Data excerpt:

##############################

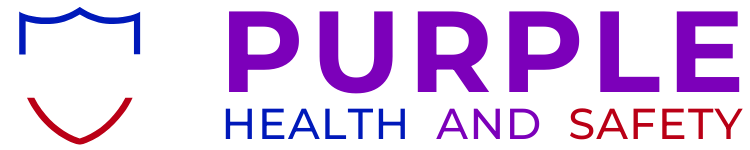 Purple Health and Safety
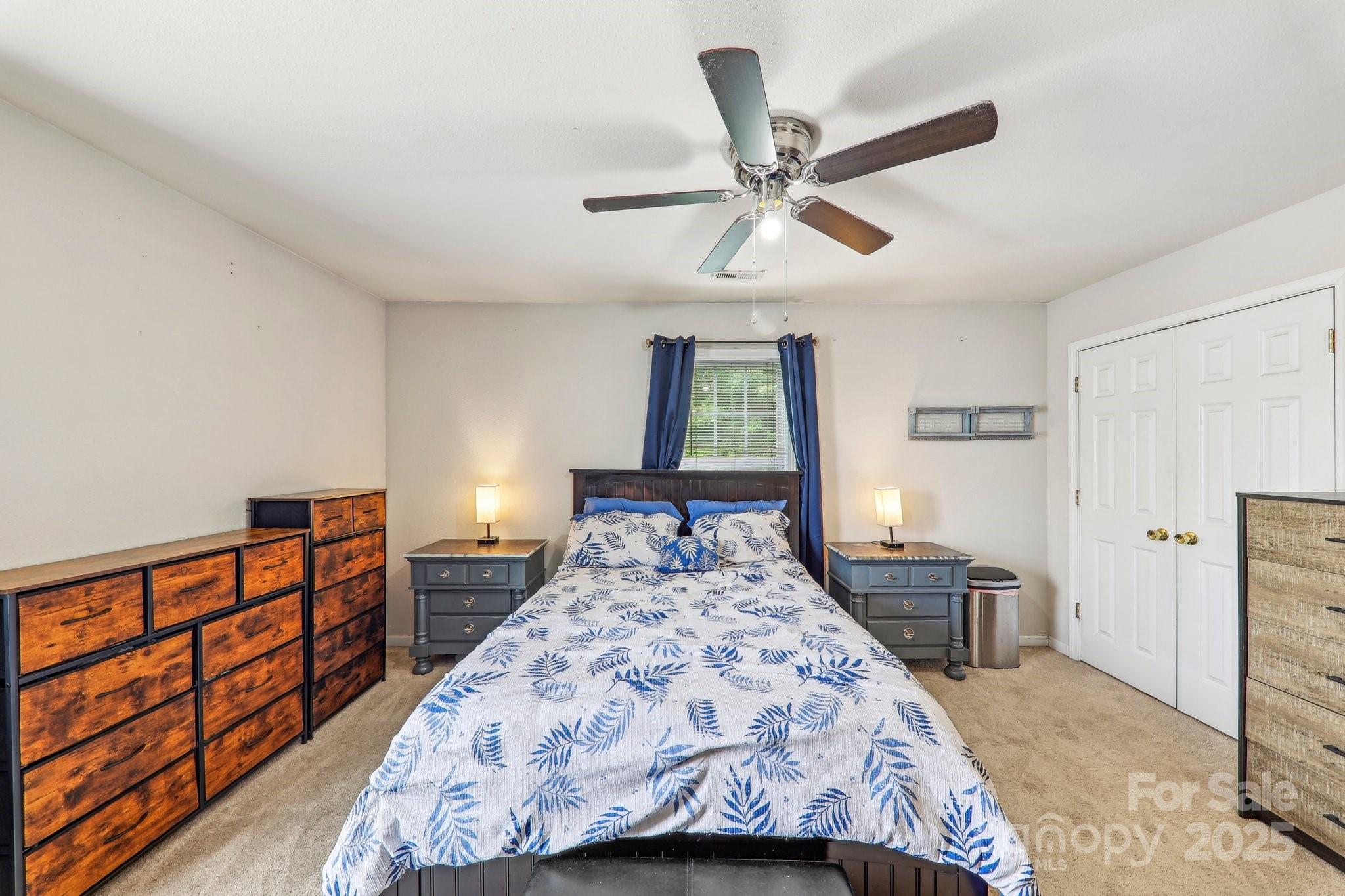 8259 Carob Tree Lane Property Photo 19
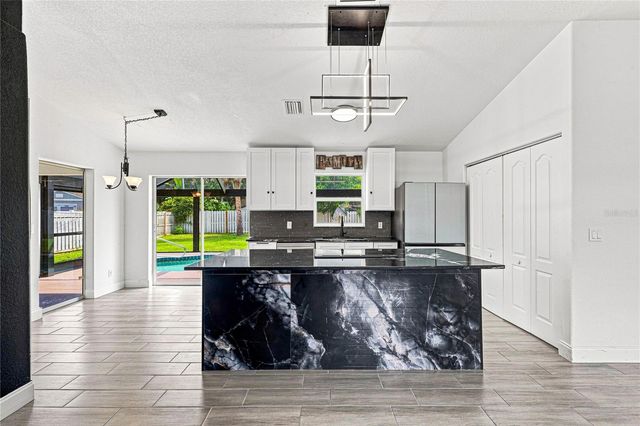 4490 COMPTON LANE, North Port, FL 34287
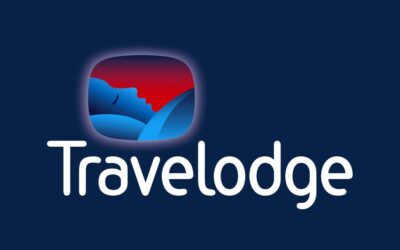 Travelodge 360° Solutions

##############################

Task statement:
Reproduce, word for word, the lines from the one containing "8259 Carob Tree Lane Property Photo 19" to the end of the material, both ends included. No picture is copied.

Problem solution:
 8259 Carob Tree Lane Property Photo 19
 4490 COMPTON LANE, North Port, FL 34287
 Travelodge 360° Solutions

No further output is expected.